Now competence, diversity, lexical and subjective shouldn’t pose too much of a problem for my students, as those words are very similar in German (Kompetenz, Diversität, lexikalisch, subjektiv) which all of my students speak, most of them as an L1. We have also already discussed contracted forms, signposting and transitions on the course, so I have to assume my students understand those. Thus, I’m left with colloquial, concisely, connectors, phrasing and superficial as potentially non-understandable words in my feedback.
Of course, this feedback is given in written form, so you could argue that students will be able to look up any unknown vocabulary in order to understand my comments and know what to maybe do differently in future. But I worry that not all students would actually bother to do so – so they would continue to not fully understand my feedback, making it rather a waste of my time having written it for them.
Overall, I’d say that formulations of helpful feedback comments for my EAP students need to strike a balance. They should mainly use level-appropriate language in terms of vocabulary and phrasing so that the students can comprehend what they need to keep doing or work on improving. Also, they should probably use some academic terms to model them for the students and make matching the feedback to the grading matrices more explicit.

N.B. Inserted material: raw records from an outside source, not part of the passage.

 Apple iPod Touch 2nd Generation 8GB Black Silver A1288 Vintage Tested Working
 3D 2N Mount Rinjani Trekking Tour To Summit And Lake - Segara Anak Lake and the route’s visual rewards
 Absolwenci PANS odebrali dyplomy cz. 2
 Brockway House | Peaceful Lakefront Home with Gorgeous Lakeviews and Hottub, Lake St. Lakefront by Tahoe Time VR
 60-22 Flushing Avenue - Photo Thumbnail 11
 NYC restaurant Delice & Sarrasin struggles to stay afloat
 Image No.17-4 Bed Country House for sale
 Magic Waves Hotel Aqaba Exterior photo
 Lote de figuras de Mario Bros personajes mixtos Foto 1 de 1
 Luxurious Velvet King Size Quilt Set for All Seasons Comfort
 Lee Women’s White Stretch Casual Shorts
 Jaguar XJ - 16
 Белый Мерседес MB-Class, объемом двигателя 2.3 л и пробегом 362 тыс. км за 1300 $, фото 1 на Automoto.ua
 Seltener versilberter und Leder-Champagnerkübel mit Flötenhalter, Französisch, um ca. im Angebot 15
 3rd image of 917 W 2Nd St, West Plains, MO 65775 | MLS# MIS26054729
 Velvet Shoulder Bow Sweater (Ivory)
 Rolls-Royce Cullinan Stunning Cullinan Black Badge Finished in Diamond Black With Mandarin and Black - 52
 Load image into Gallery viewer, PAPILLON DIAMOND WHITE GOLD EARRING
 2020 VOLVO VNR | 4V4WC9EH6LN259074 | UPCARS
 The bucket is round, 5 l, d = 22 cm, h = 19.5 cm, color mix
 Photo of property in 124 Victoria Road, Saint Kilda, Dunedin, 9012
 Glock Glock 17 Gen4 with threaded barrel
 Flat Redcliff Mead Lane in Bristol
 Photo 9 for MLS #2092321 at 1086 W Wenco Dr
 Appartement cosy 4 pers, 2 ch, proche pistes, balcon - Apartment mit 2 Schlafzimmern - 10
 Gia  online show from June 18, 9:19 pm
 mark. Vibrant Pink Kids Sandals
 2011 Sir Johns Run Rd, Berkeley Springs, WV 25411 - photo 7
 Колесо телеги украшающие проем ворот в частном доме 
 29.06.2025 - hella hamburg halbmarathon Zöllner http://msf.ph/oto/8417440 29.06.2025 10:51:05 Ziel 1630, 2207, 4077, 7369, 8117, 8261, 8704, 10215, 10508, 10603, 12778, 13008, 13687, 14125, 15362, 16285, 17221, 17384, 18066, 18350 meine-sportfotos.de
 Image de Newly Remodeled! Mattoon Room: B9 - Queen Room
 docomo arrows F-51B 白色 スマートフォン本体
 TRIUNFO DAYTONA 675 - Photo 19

Perhaps the potentially non-understandable words in my feedback can be classified as working towards the second of these aims.
Indeed, writing in a formal register to avoid colloquialisms, and aiming for depth and detail to avoid superficiality are key considerations in academic writing. As are writing in concise phrases and connecting them logically. Thus, I’m fairly sure I have used these potentially non-understandable words in my teaching on this course.But so far we haven’t done any vocabulary training specifically focused on these terms. If I need to use them in my feedback though, then, the students do need to understand them in some way.
So, what can I do? I think there are a couple of options for me going forward which can help me to provide constructive feedback in a manner which models academic language but is nonetheless accessible to the students at the level they are working at. These are ideas that I can apply to my own practice, but that other teachers might also like to try out:
- Check the language of feedback comments before returning work (with feedback) to students; modify vocabulary if necessary.
- Check the vocabulary items and metalanguage I want/need to use in feedback comments, and in grading matrices (if provided to students), and plan to teach these words if they’re beyond students’ general level.
- Use the same kinds of vocabulary in feedback comments as in oral explanations of models and in teaching, to increase students’ familiarity with it.
- Give examples (or highlight them in the student’s work) of what exactly I mean with certain words.
- Get students to reflect on the feedback they receive and make an ‘action plan’ or list of points to keep in mind in future – which will show they have understood and been able to digest the feedback.
If you have further suggestions, please do share them in the comments section below!
As a brief closing comment, I just want to point out here that it is of course not only the vocabulary of any text or feedback comment that determines how understandable it is at which levels. It’s a start, perhaps, but other readability scores need to be taken into account, too. I’ll aim to explore these in a separate blog post.